Mr. Close had his first major museum retrospective in 1980 at the Walker Art Center. The Staatliche Kunsthalle in Baden-Baden, Germany, mounted another retrospective in 1994. In 2005, the Walker assembled an exhibition of his self-portraits. In 2007, the Museo Nacional Centro de Arte Reina Sofia in Madrid presented “Chuck Close Paintings: 1968-2006.”
Last year, Pace presented an exhibition of his work at its Hong Kong gallery in collaboration with White Cube. Pace also co-organized a solo show at Gary Tatintsian Gallery in Moscow, which opened in June and is on view through Sept. 25.
“He was one of my dearest friends for over 40 years,” said Arne Glimcher, the founder of Pace. “I was honored to know him and to show his work, which I believe is inextricable from the greatest achievements of 20th-century art.”
Mr. Close participated in many major international exhibitions over the years, including Documenta in 1972 and 1977, the Venice Biennial in 1975 and 2001 and the Carnegie International in 1995-96.
After he began making his large portraits, he abandoned painting nudes. But in subsequent decades, he regularly produced photographs of naked subjects, male and female, including the supermodel Kate Moss. In 2014, Pace presented a survey of his nude photographs along with his 1967 painting “Big Nude.”
Mr. Close was supportive of many artists and cut a prominent figure in SoHo during the years when the neighborhood was New York’s center for contemporary art. But his reputation suffered a serious blow in December 2017, when several women whom Mr. Close had invited to pose for photographs publicly accused him of sexually inappropriate verbal behavior while they were alone with him in his studio. (No one accused him of physical assault.)
In response to the allegations, the National Gallery of Art postponed an exhibition of his works it had planned to open in May 2018.
Mr. Close was divorced from his first wife. His marriage to the artist Sienna Shields in 2013 also ended in divorce.
His survivors include his daughters, Georgia and Maggie, and four grandchildren.

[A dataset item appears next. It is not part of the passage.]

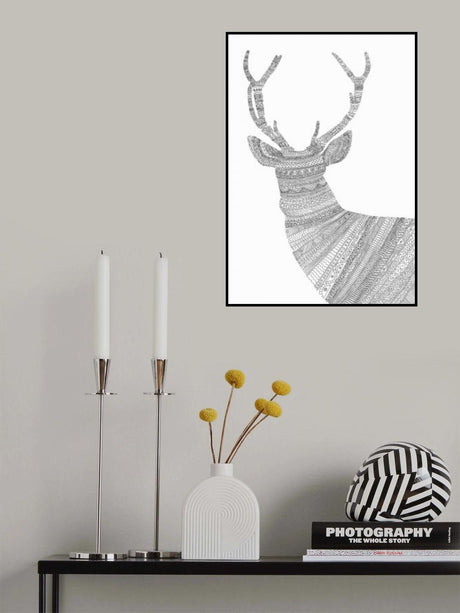 Stag White Poster och Canvastavla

In many interviews Mr. Close spoke eloquently about his art, communicating a clarity of purpose and a disarming humility. In a conversation published in the catalog for his 1998 retrospective at the Museum of Modern Art in New York, he told the show’s curator, Robert Storr:
“I’m either dumber than the average painter, which is a pretty scary thought, or maybe there’s something about my learning disabilities or whatever that I am really of the moment. I don’t think much about the past, and I really don’t think about the future. I am surprised often that I’m still painting portraits at all, to tell you the truth.
“I don’t predict what I’m going to do. I don’t plan ahead that much,” he continued. “It doesn’t matter where the whole art world is going. I’ve got my own little trajectory.”